Records to use section start

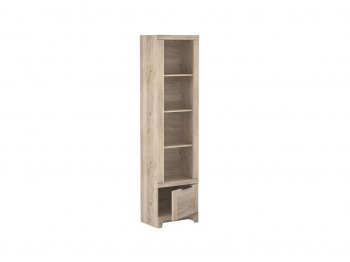 Стеллаж Юта (СБК) в Берёзовском - beryozovskij.mebel-e96.ru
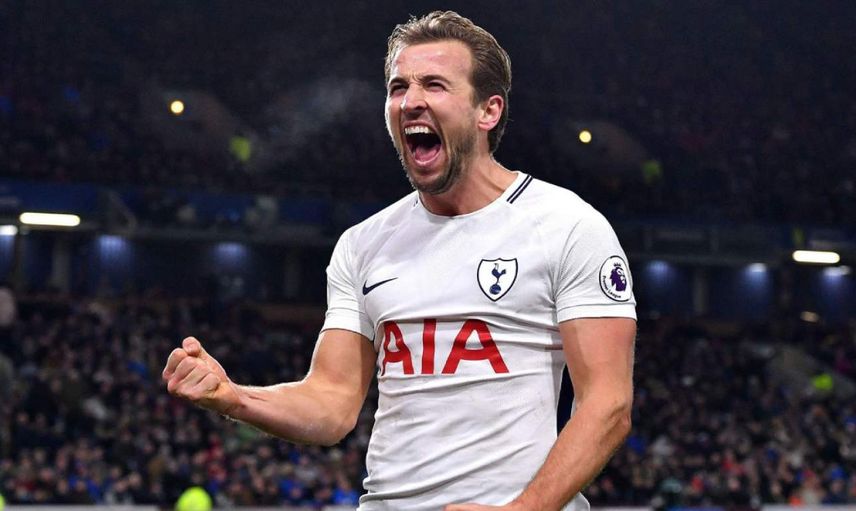Harry Kane kimdir, nereli ve kaç yaşında? Harry Kane Bayern Münih’e mi transfer oldu? Harry Kane hayatı ve istatistikleri
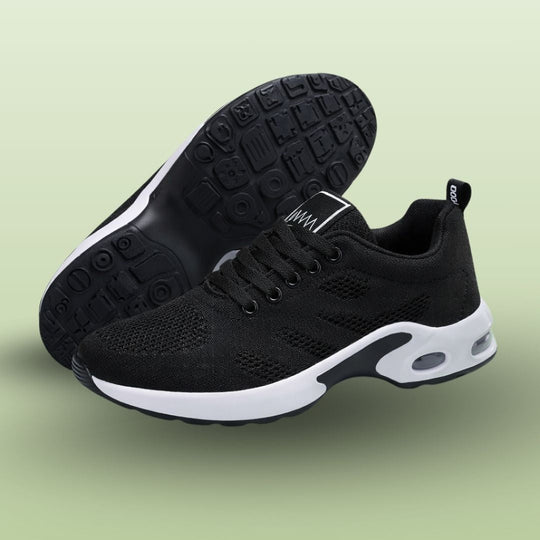 Sommerfeld | Komfortschuhe mit sicherem Halt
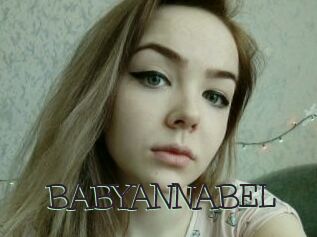 BABYANNABEL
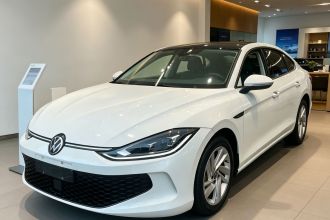 大众 2022款 凌渡L 280TSI DSG炫辣版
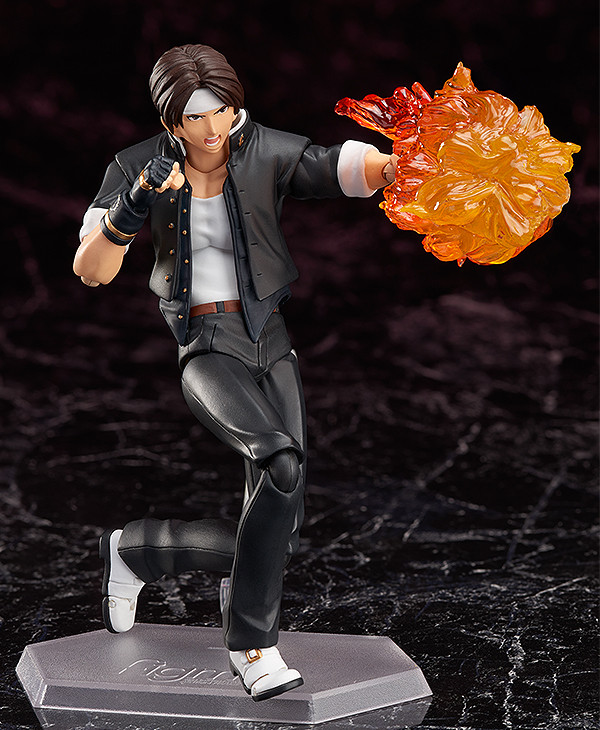 The King of Fighters 98 Ultimate Match (Figma) Bddaa910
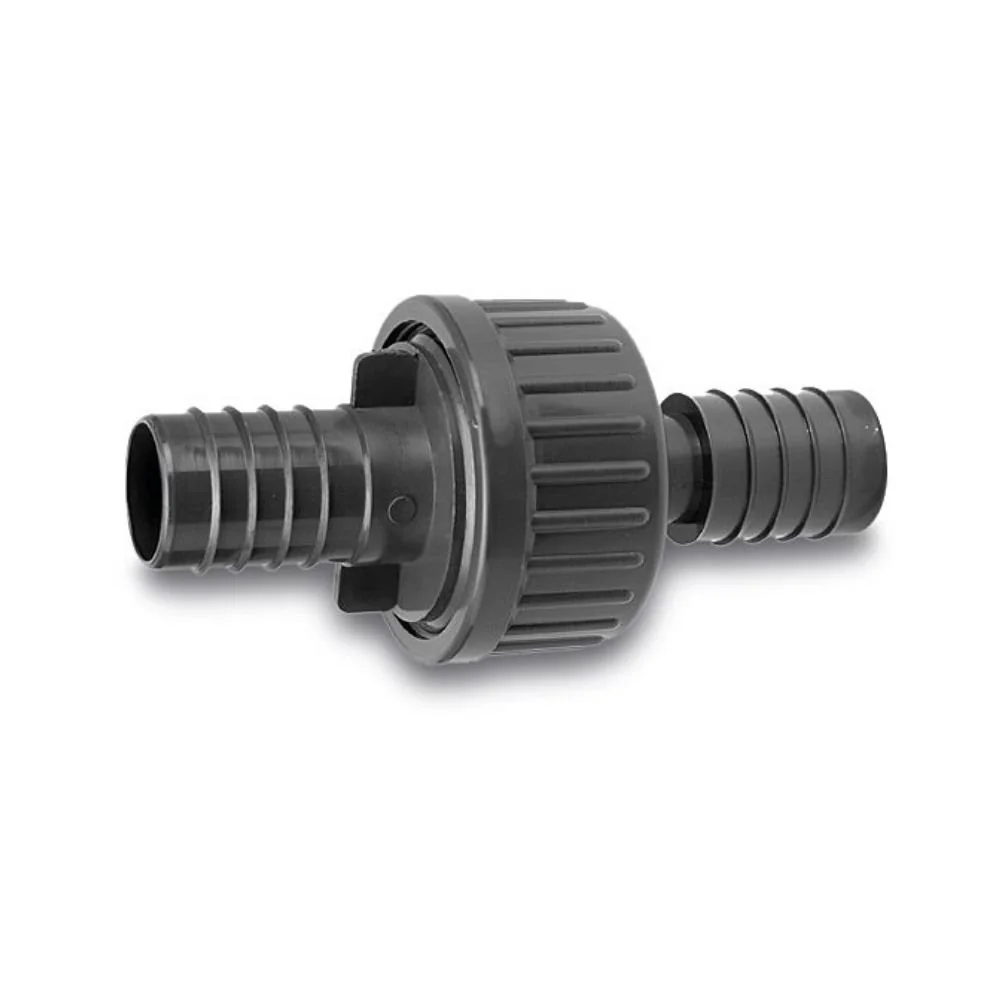 Rückschlagventil 13mm, PVC Rückschlagventil, Schlauch Rückschlagventil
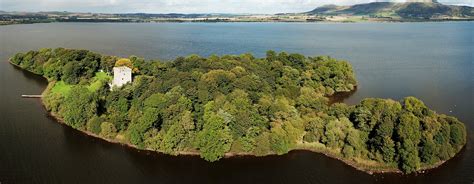 Loch Leven Castle, Kinross Vacation Rentals: house rentals & more | Vrbo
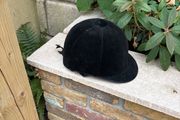 riding helmet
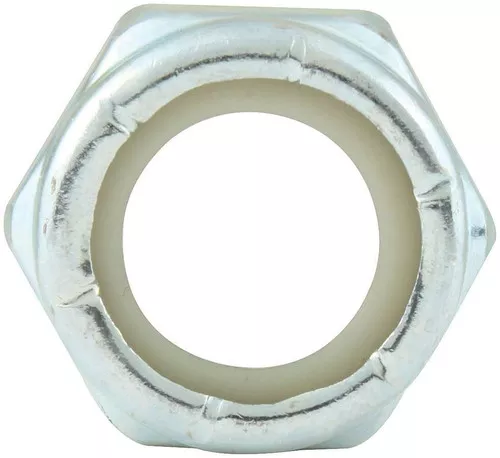 Thin Nylon Insert Nuts 3/4-10 10pk ALL16026-10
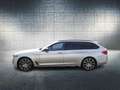 BMW 530 i xDrive MSportp,Sthzg,HUD,IALenk,SoftCl,AHK Argent - thumbnail 3
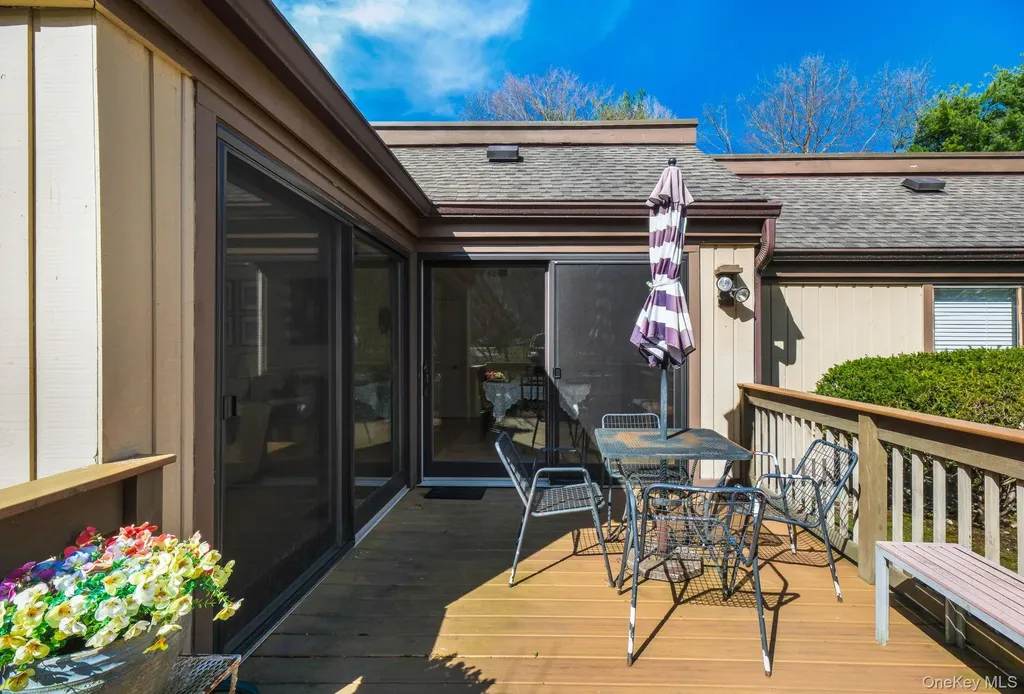 272 Heritage Hills Somers NY 10589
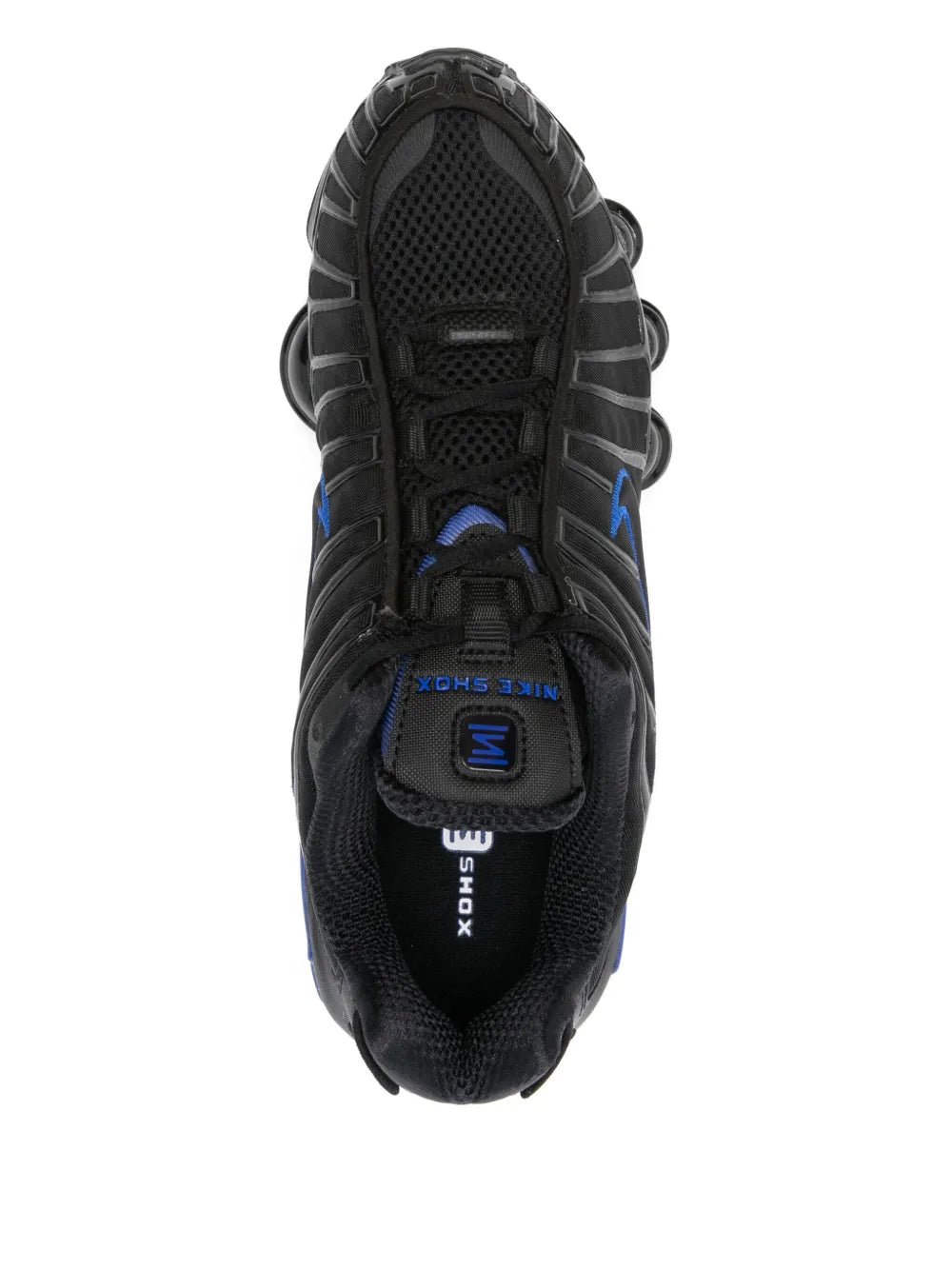 Nike Shox Tl Sneakers floriamart.shop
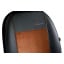 Авточехлы DACIA Duster 2010-2013 POK-TER Exclusive екокожа с коричневой вставкой алькантары Белая Церковь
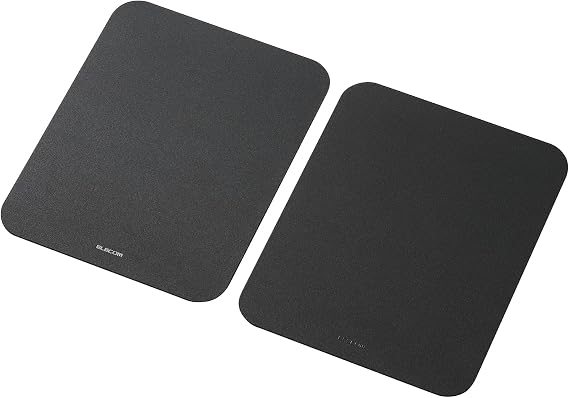Elecom MP-NSGF2BK Nintendo Switch2 Controller Pad Short Pack of 2 Black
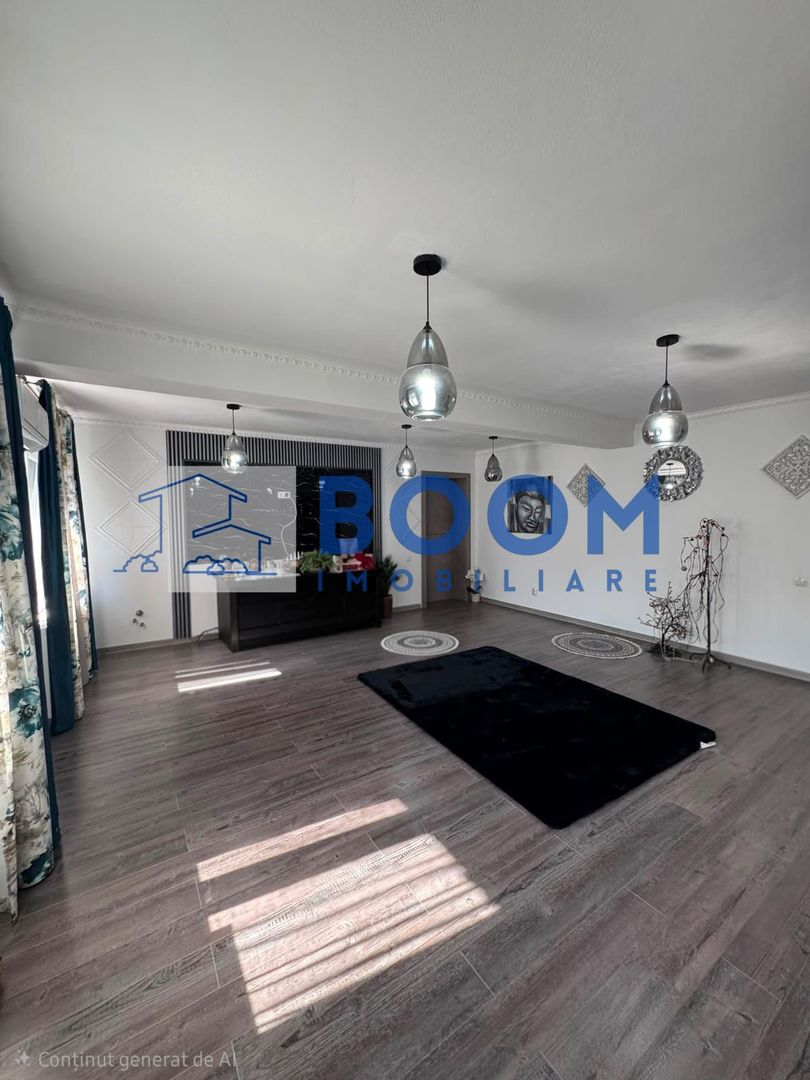 Casa Parc Zavoi | Rezidential | Spatiu Comercial | Mobilat si Utilat - Poză 1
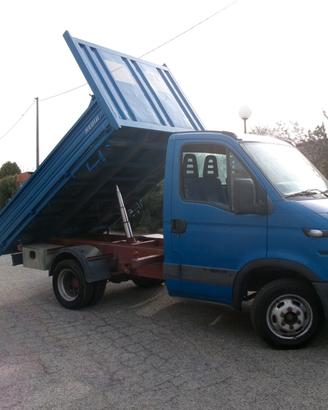 iveco daily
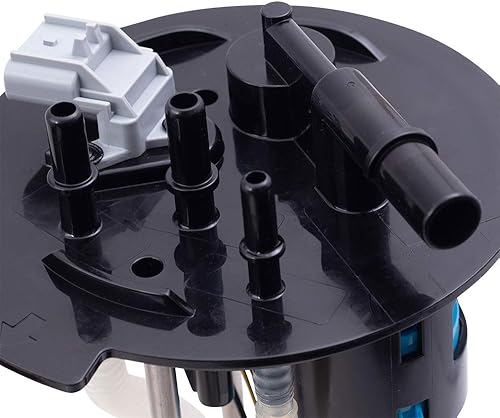 Miniatura 8 de El ensamblaje de la bomba de combustible se adapta a la camioneta Ford Ranger de cabina extendida 04-06 Mazda B Series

Records to use section end

*What this task involves*:
I'd like the lines above repeated exactly, from the one that contains "大众 2022款 凌渡L 280TSI DSG炫辣版" through the one that contains "iveco daily", with no pictures.

*Expected output*:
 大众 2022款 凌渡L 280TSI DSG炫辣版
 The King of Fighters 98 Ultimate Match (Figma) Bddaa910
 Rückschlagventil 13mm, PVC Rückschlagventil, Schlauch Rückschlagventil
 Loch Leven Castle, Kinross Vacation Rentals: house rentals & more | Vrbo
 riding helmet
 Thin Nylon Insert Nuts 3/4-10 10pk ALL16026-10
 BMW 530 i xDrive MSportp,Sthzg,HUD,IALenk,SoftCl,AHK Argent - thumbnail 3
 272 Heritage Hills Somers NY 10589
 Nike Shox Tl Sneakers floriamart.shop
 Авточехлы DACIA Duster 2010-2013 POK-TER Exclusive екокожа с коричневой вставкой алькантары Белая Церковь
Elecom MP-NSGF2BK Nintendo Switch2 Controller Pad Short Pack of 2 Black
 Casa Parc Zavoi | Rezidential | Spatiu Comercial | Mobilat si Utilat - Poză 1
 iveco daily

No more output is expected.